Let $\ell_m$ be the line with slope $m$ that passes through the point $(-1,0)$.

Let $P_m=(x_m,y_m)$ be the second meeting point of $\ell_m$ with the unit circle. It is reasonably clear by continuity the set of second meeting points as $m$ ranges over the rationals is dense on the unit circle.

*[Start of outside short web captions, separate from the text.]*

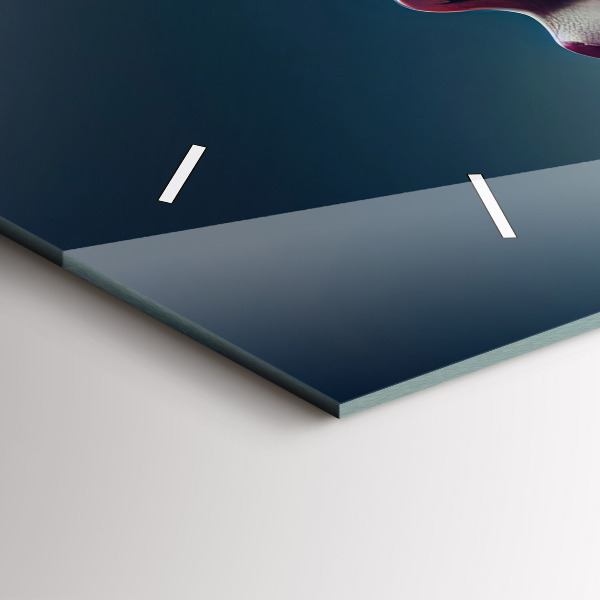 Horizontální skleněné hodiny na stěnu Emocionální abstraktní žena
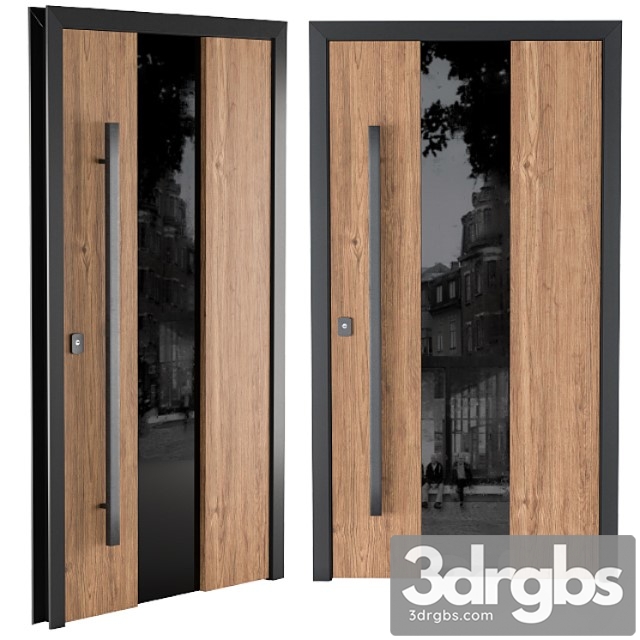 Door wooden and glass 3dsmax Download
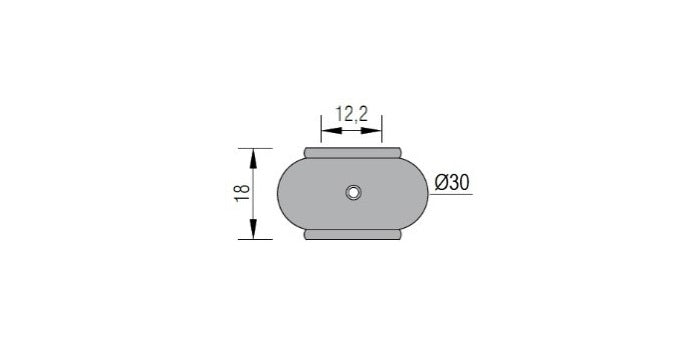 V2A Edelstahl Zierhülse mit Klemmschraube & Durchgangsloch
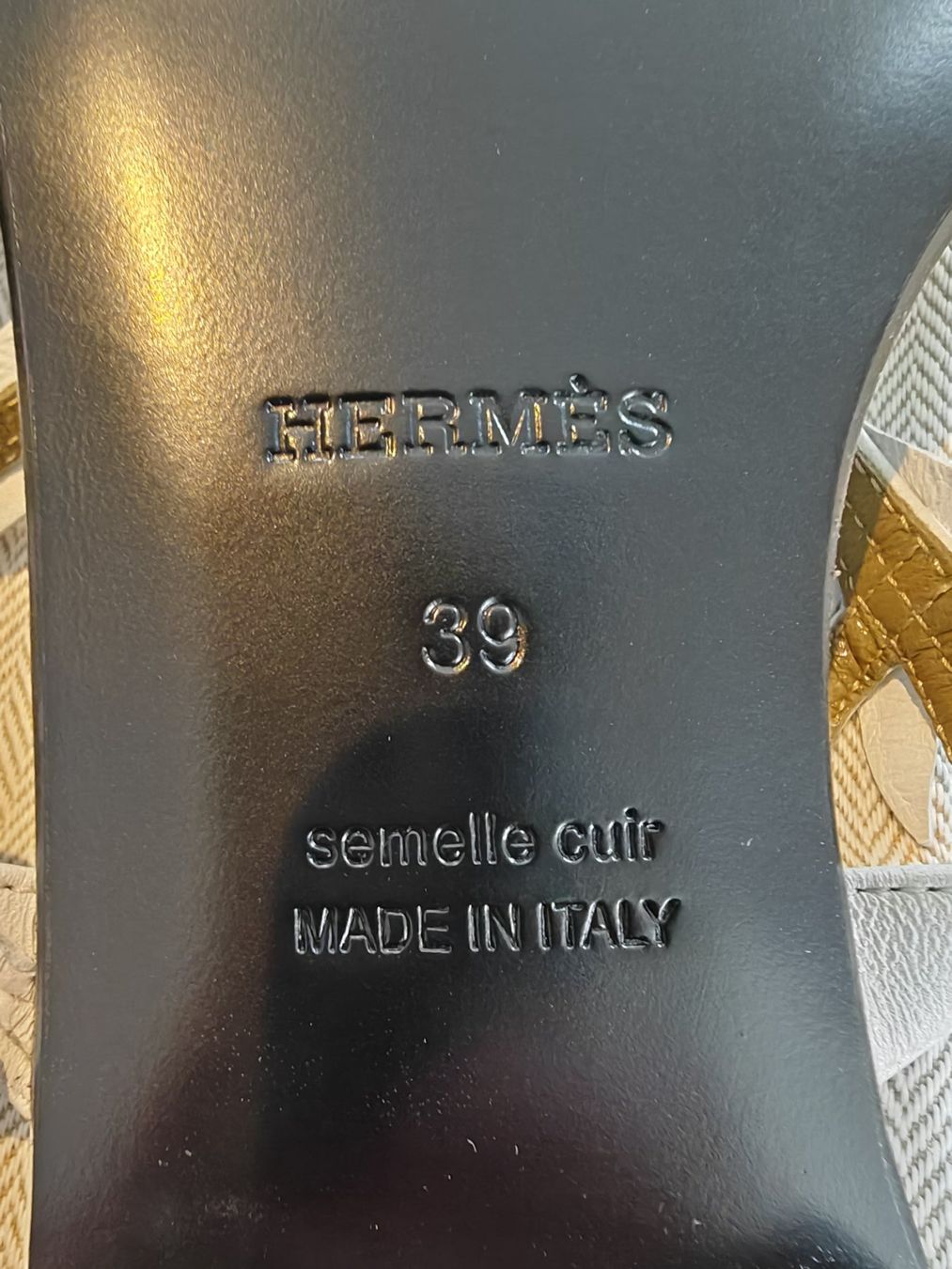 Hermès Scarpe da donna: Neue Original Hermès Sandalen Gr. 39 – Nuovo (secondo la descrizione) da Schönenbuch venduto da sgn_pw79 2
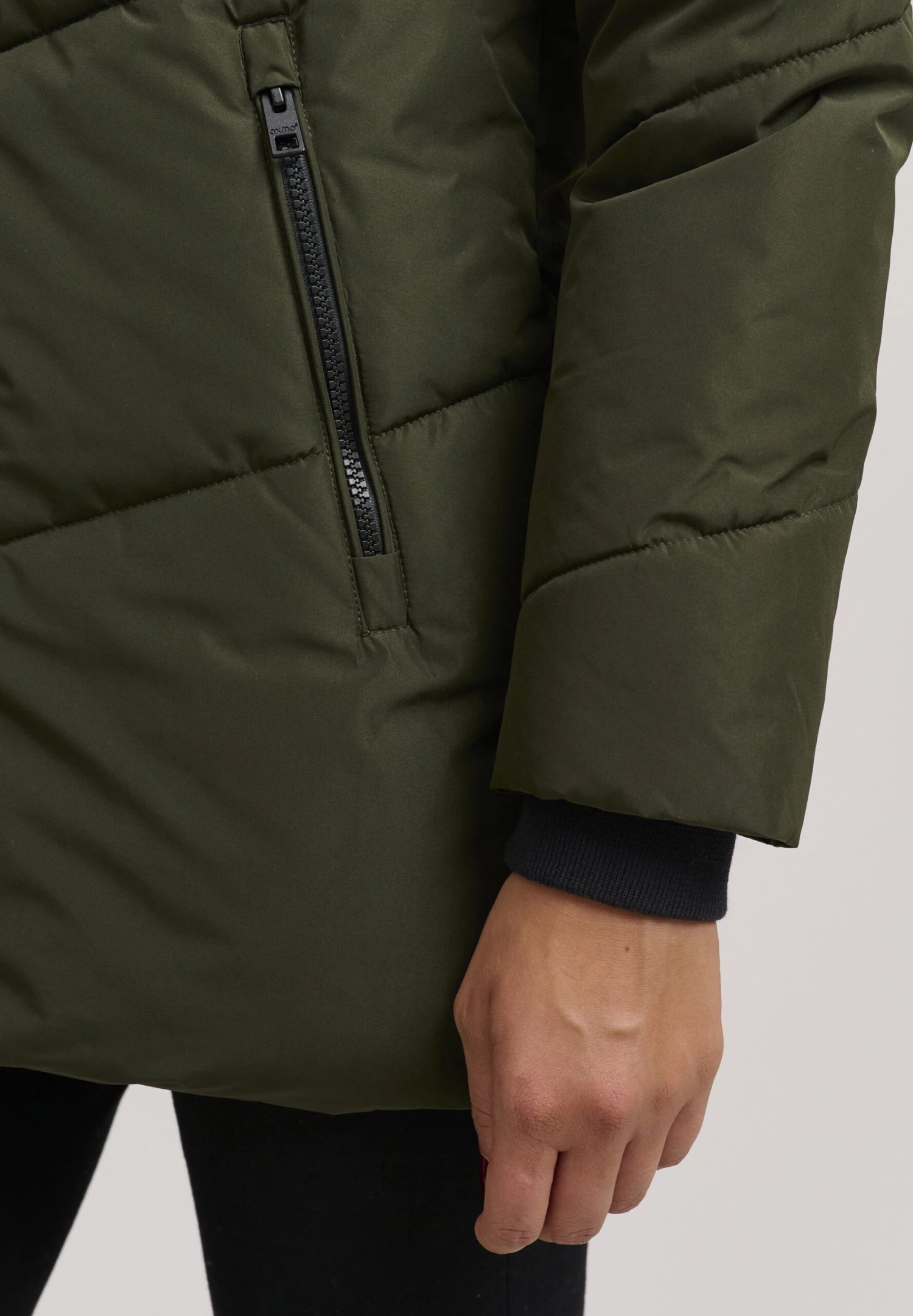 OXMO OXJunchen - Winter Coat - Grey Denim 4 OXMO OXJunchen - Winter Coat - Grey Denim - Image 4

The line $\ell_m$ has equation $y=m(x+1)$. Substituting in the equation of the unit circle, we get $x^2+m^2(x+1)^2=1$, which expands to $$(1+m^2)x^2+2m^2 x+m^2-1=0.$$ One root of this quadratic is $-1$, and the product of the roots is $\frac{m^2-1}{m^2+1}$, so the other root is $x_m=\frac{1-m^2}{1+m^2}$. In particular, $x_m$ is rational. Substituting in $y=m(x+1)$ we find that $y_m=\frac{2m}{1+m^2}$, also rational.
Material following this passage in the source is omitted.